• AERA Division B Curriculum Studies Outstanding Book Award, 2009
• ForeWord Magazine Book of the Year Award Finalist, 2008
• AERA Critical Issues in Curriculum & Cultural Studies SIG Early Career Award, 2008
• AERA Narrative and Research SIG Early Career Award, 2008
“Renewed my belief that it is possible to write authentic narratives about urban schools. . . . I plan to make this book required reading for my teacher education students.”
—From the Foreword by Carl A. Grant, University of Wisconsin–Madison
“Once I began reading, I couldn't put it down. The power here is in the details. It’s a marvelous, important book and is badly needed at a moment when the values it upholds are under an unrelenting assault from forces of reactionary ignorance.”
—Jonathan Kozol, author of Amazing Grace
“In a time of ever more testing and standardization, Brian Schultz demonstrates in powerful ways what the critically democratic alternative looks like. Anyone who wants to make a difference in urban education needs to read this book.”
—Michael W. Apple, author of Educating the “Right” Way
“An amazing tale of incredible fifth-grade citizen activists that reveals what education in America's inner cities could and should be.”
—Jeannie Oakes, Presidential Professor in Education Equity, UCLA
“The lessons about curriculum and teaching are powerful and the story is absolutely inspiring.”
—James A. Beane, author of A Reason to Teach
“Carr Community Academy is a crumbling elementary school in Chicago next to one of the largest and most perilous public housing projects—Cabrini Green. It also is the location of one of the more spectacular fifth-grade classes in the country.”
—Ralph Nader, consumer advocate, author, and founder, Public Citizen research group
“This fifth-grade class illustrates some important lessons about America: The neglect of the inner-city poor, the virtues of creative public service, of teaching to educate-not just to pass a test-and of perseverance.”
—Robert Siegel, All Things Considered, National Public Radio
“When city kids are thought to be nothing more than a tangle of pathologies and deficits who must be ‘saved’ by crusading, missionary teachers the result is always some form of colonization. In this extraordinary book, Brian Schultz, a courageous teacher writing here with clarity and passion, performs a radical reversal and provides an alternative.”
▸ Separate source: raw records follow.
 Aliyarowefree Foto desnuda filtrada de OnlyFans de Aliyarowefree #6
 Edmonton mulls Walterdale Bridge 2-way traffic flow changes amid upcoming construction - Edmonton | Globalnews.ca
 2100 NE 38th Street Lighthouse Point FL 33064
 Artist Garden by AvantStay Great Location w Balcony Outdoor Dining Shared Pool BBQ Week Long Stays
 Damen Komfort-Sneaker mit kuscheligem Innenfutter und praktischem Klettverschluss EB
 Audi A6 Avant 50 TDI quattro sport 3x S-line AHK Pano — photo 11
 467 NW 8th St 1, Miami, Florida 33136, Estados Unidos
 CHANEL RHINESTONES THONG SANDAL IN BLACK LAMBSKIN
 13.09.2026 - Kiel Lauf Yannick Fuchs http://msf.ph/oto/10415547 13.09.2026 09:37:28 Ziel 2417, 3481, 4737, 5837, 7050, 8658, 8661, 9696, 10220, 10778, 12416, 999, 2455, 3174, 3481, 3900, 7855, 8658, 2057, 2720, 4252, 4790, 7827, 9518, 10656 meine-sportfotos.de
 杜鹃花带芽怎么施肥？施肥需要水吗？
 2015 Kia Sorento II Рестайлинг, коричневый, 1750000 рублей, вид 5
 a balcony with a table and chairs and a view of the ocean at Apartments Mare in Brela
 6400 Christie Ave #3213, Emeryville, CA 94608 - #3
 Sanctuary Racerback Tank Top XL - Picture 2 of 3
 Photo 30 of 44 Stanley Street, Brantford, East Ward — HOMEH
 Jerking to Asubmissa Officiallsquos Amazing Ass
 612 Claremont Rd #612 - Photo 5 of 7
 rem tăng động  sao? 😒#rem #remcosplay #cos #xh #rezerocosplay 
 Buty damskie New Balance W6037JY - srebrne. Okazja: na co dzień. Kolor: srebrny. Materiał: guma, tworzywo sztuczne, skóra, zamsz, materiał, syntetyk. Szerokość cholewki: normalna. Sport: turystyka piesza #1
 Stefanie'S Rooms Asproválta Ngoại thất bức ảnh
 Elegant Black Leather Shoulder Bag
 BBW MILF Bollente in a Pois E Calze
—William Ayers, Distinguished Professor of Education, University of Illinois at Chicago, and author of To Teach
“Through their compelling school improvement efforts, Schultz and his fifth graders clearly counter the colonizing policy that says only the privileged can be educated through freedom to pursue personal interests and collective commitments.”
—William H. Schubert, University Scholar, University of Illinois at Chicago
A fresh take on what happens when a teacher says enough is enough and does the unthinkable: design a curriculum based on their students’ actual needs and aspirations. Flying in the face of reason, Brian Schultz did just that when he challenged his 5th grade class in urban Chicago to name a problem in their community that they wanted to solve. As the students of Room 405 focus on replacing their dilapidated school building, a historic voyage of repair and healing begins. Ultimately, it is their own questions and incredible accomplishments that make them realize their commitment and ability to change the world around them. This gem captures the remarkable transformations of everyone involved.
Spectacular Things Happen Along the Way is a significant reminder of the influence of our nation's determined teachers and what they can achieve whe they go against the grain of rigid curriculums and authoritarian standardized testing. Schultz’s debut work is a must-read for anyone who believes in the power of challenging convention, the authority of human compassion, and finding solutions that work for America's youth.
Brian D. Schultz is an assistant professor of education and honors faculty at Northeastern Illinois University (NEIU) in Chicago. He also taught in the Chicago Public Schools and in 2005 received the Educator of the Year Award from the Illinois Computing Educators. Brian is the recipient of 2008 Early Career Awards from the American Education Research Association in both Critical Issues in Curriculum & Cultural Studies, and Narrative & Research.